冥王星の大気は、地球同様ほとんどが窒素で構成されていますが、大気を支えているのは表面の氷の蒸気圧です。
冥王星の温度が高くなると、表面で凍りついている窒素が昇華して冥王星の大気密度を上昇させますが、逆に表面温度が下がると窒素が再凍結して大気密度は下がると予想されるのです。
ただ、ここ四半世紀(25年)の間、冥王星はずっと太陽から遠ざかるコースにありました。
にも関わらず2015年までの観測では、冥王星の大気密度は上昇傾向にあったのです。
これが、単純な予想を覆している問題でした。
しかし、今回、冥王星の大気密度が低下していることが確認されたことから、SwRIのレスリー・ヤング博士はその理由を次のように説明しています。

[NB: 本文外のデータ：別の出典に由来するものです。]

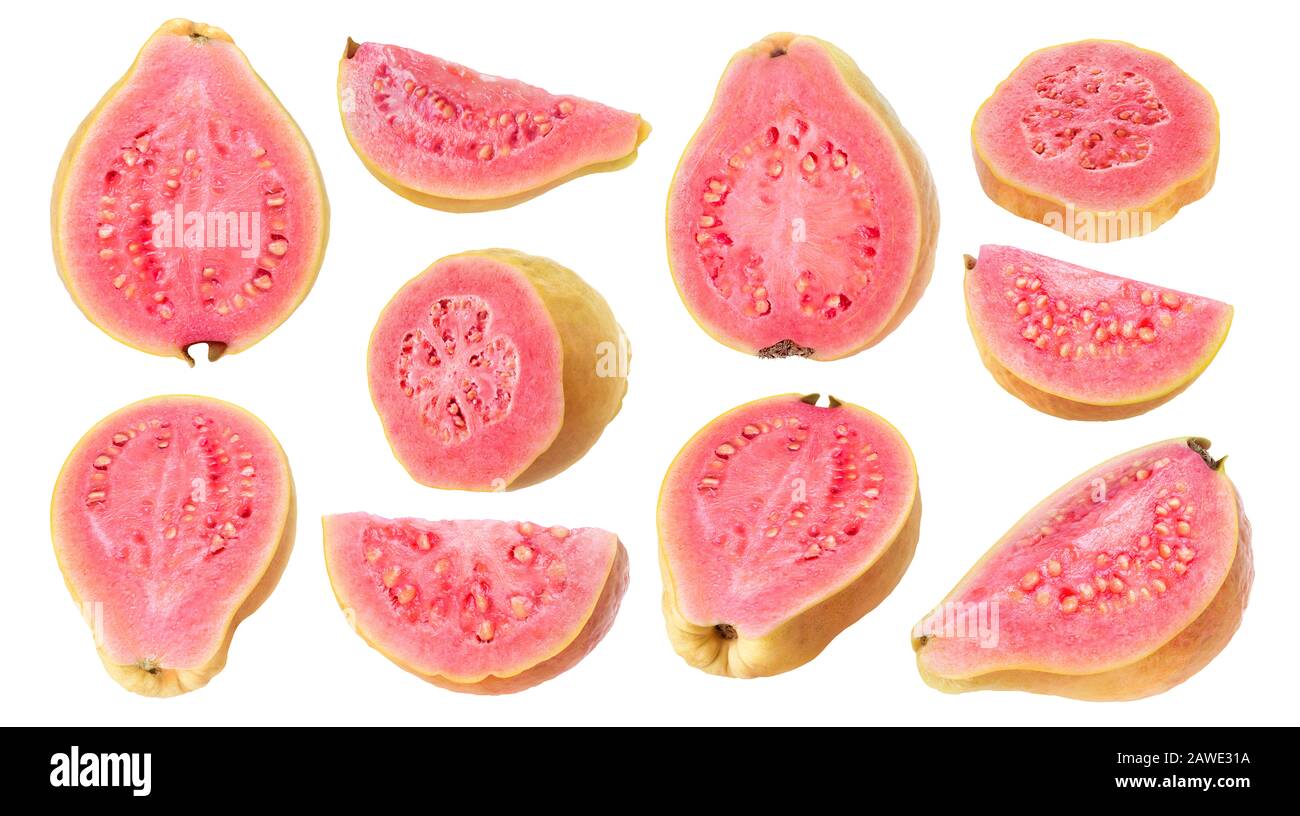 Taglio isolato guava. Raccolta di diversi pezzi di pelle gialla rosa carnata frutti di guava isolato su sfondo bianco con percorso di ritaglio Foto Stock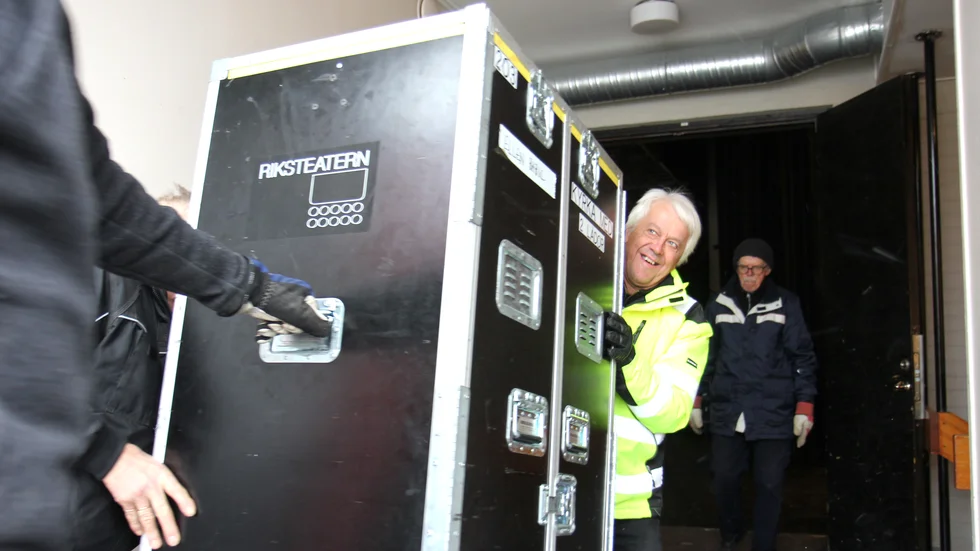 Stefan Skimutis, från Sudrets teaterförening, är en av många frivilliga bärare som hjälps åt för att snabbt få allt på plats inför kvällens föreställning.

「これはいわゆる熱慣性と呼ばれる現象によるものだと考えられます。
この現象を例えるなら、太陽がビーチの砂を温めるときを考えるといいでしょう。
太陽の光は正午にもっとも強くなり、その後は徐々に弱まっていきますが、ビーチの砂は午後の間も熱を吸収し続けるため、午後の遅い時間にもっとも熱くなります。
冥王星の大気密度が太陽から離れていても上昇を続けていた理由は、これと同様に冥王星の表面にある窒素の氷は、地表の熱によって温められていたと考えられるのです。
今回のデータは、その熱慣性が終わり、ついに冥王星が冷え始めたことを示しているのです」
公転周期が248年もある冥王星は、まだ誰も太陽の周りを一周したところを観測していません。
そのため、公転軌道の位置によってどんな変化が起きるのかは、現在進行系で明らかにされている天文学の研究なのです。
冥王星は2006年にはじめて惑星の定義が決定されたことで、惑星の仲間から除外されてしまいました。
この定義では、軌道上でもっとも大きな質量を持つことで、他の天体を排除していることが含まれています。
冥王星はこの定義から外れたため、準惑星になってしまいましたが、未だにそのことに反発する天文学者やNASAの関係者もいます。
惑星ではなくなっても、冥王星がいつまでも魅力的な天体であることは確かなようです。